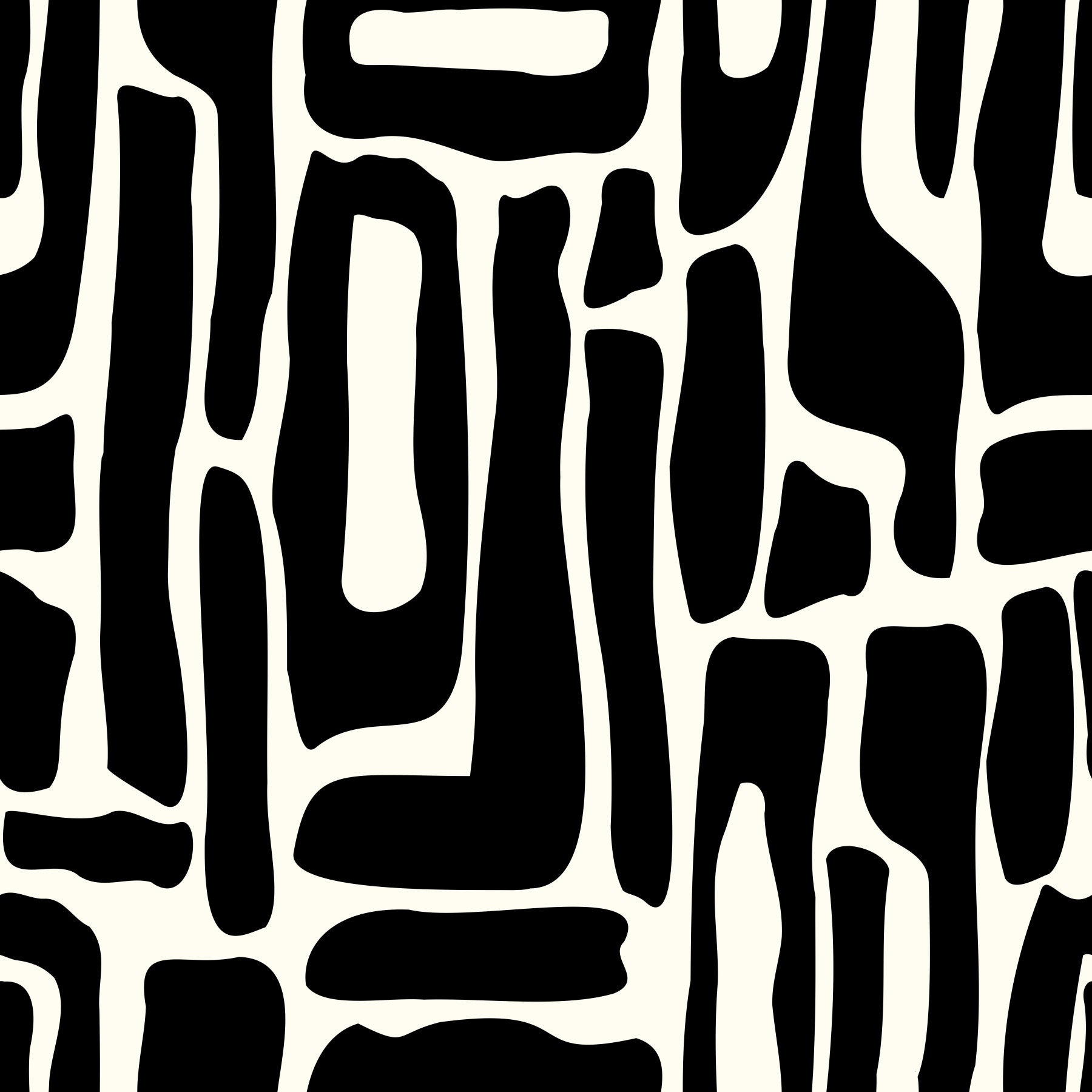Abstract Organic Ink Shapes Wallpaper⁠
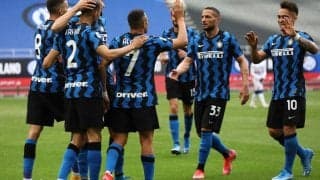 11年ぶりスクデットのインテル、吉田が後半から出場のサンプに5発圧勝《セリエA》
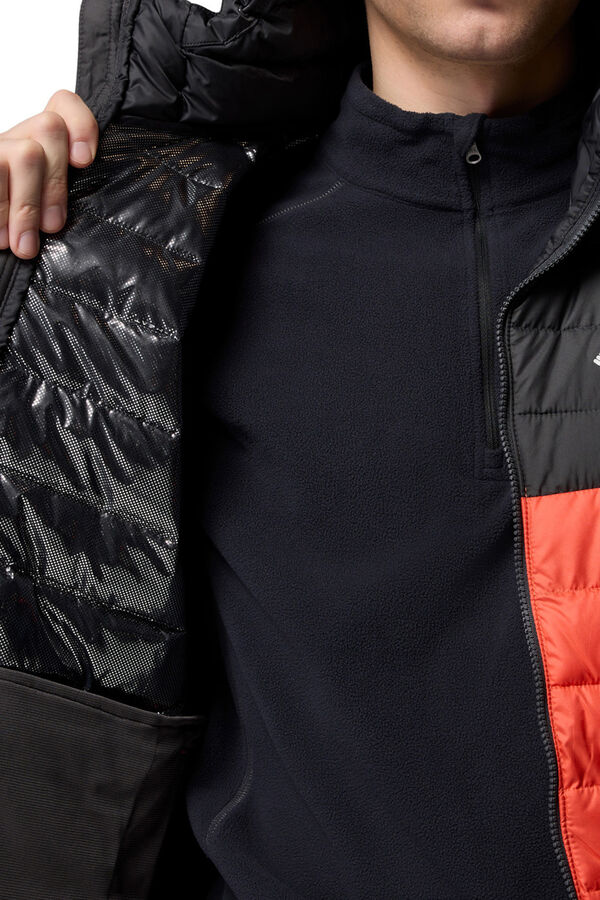 Columbia Chaqueta aislante con capucha Powder Lite&trade; II para hombre naranja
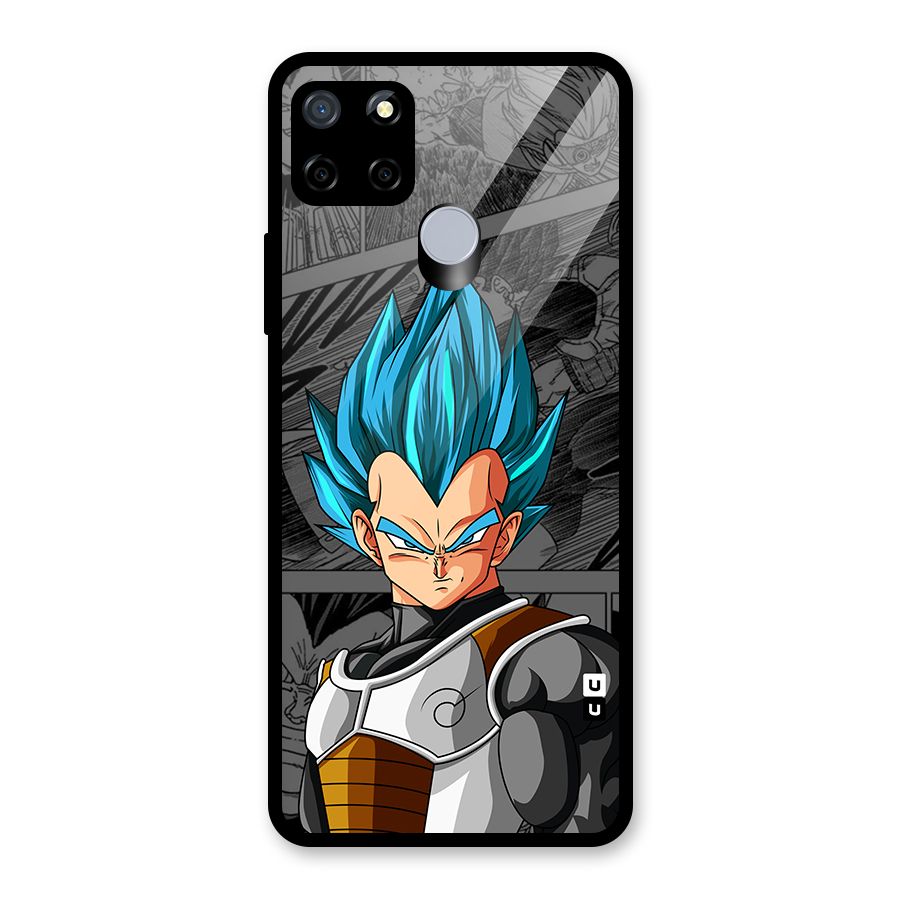 Goku Vegeta Art Glass Back Case for Realme Narzo 30A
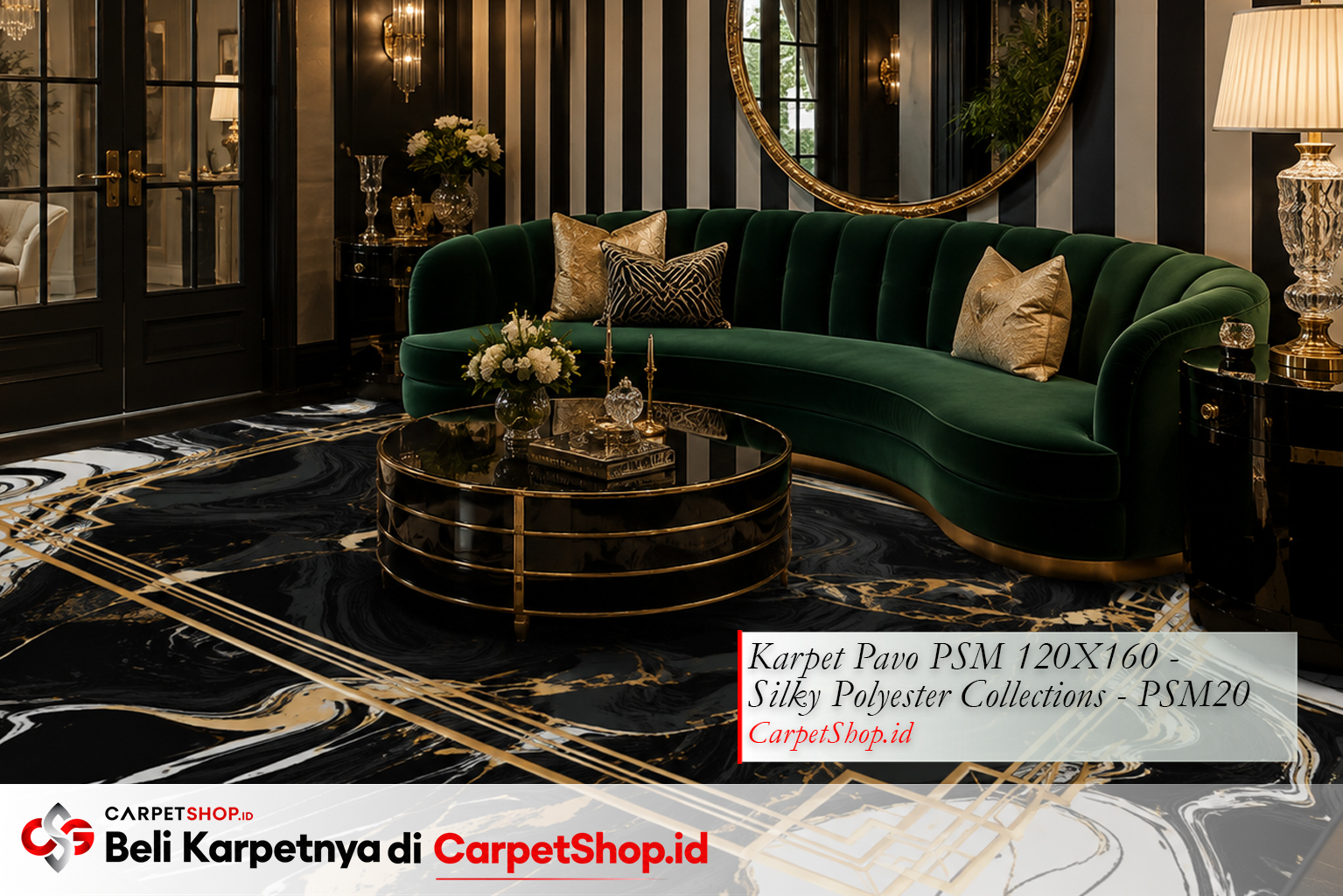 Desain Interior Hollywood Regency: Panduan Glamor yang Dramatis dan Timeless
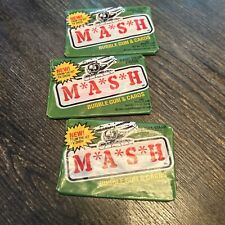 MASH trading cards- 1982. Set Of 3 Unopened Packs picture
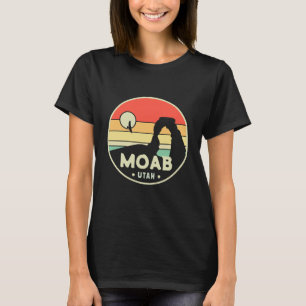 Moab Utah  woestijn Sunset Retro Souvenir 60s T-shirt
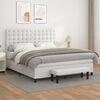 vidaXL Boxspring met matras kunstleer wit 160x200 cm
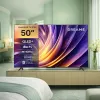 Smart TV Dreame Vivid Q100 50 cali, QLED+, 4K UHD, Google TV, 120Hz, procesor AI, czarny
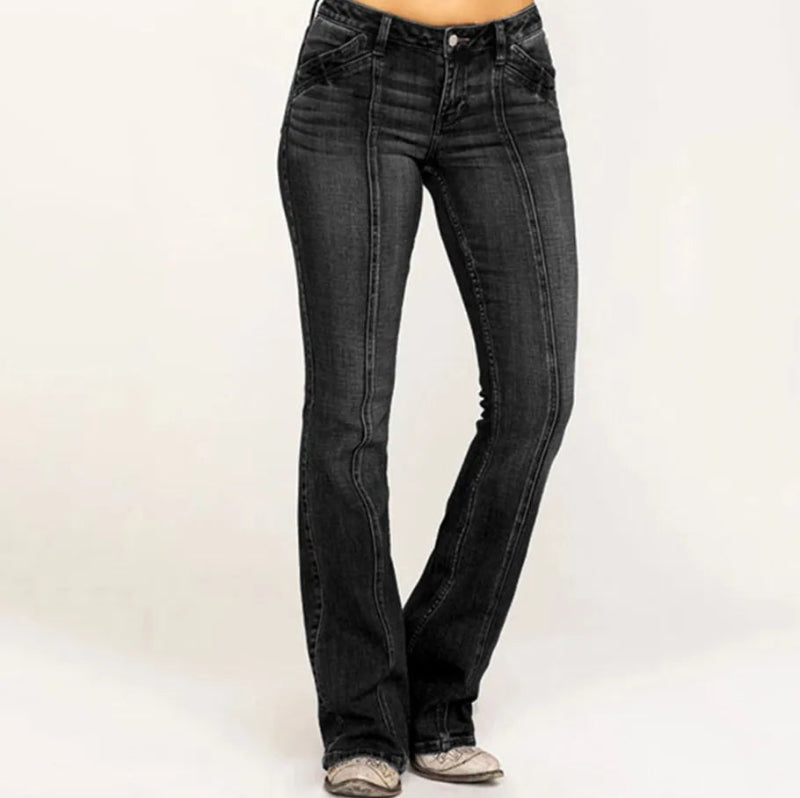 Black jeans on a white background
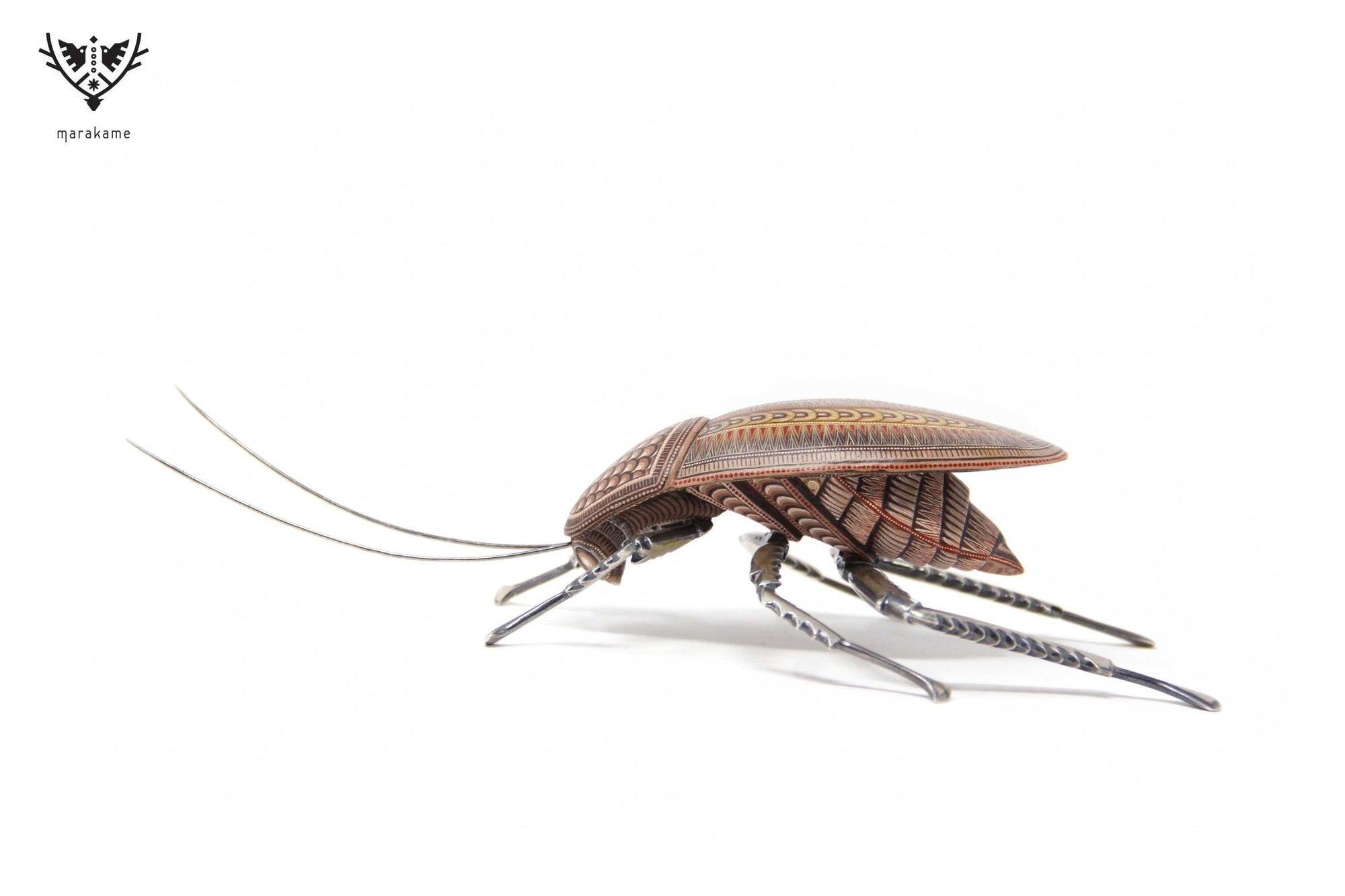 Cucaracha - Mani' XXI - Arte Huichol - Marakame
○ ○ ○
> [Exercise requirements]
Set down exactly the lines between the one with "Black jeans on a white background" and the last line of the material above, both included, but none of the pictures.

> [Solution for this problem]
 Black jeans on a white background
 Cucaracha - Mani' XXI - Arte Huichol - Marakame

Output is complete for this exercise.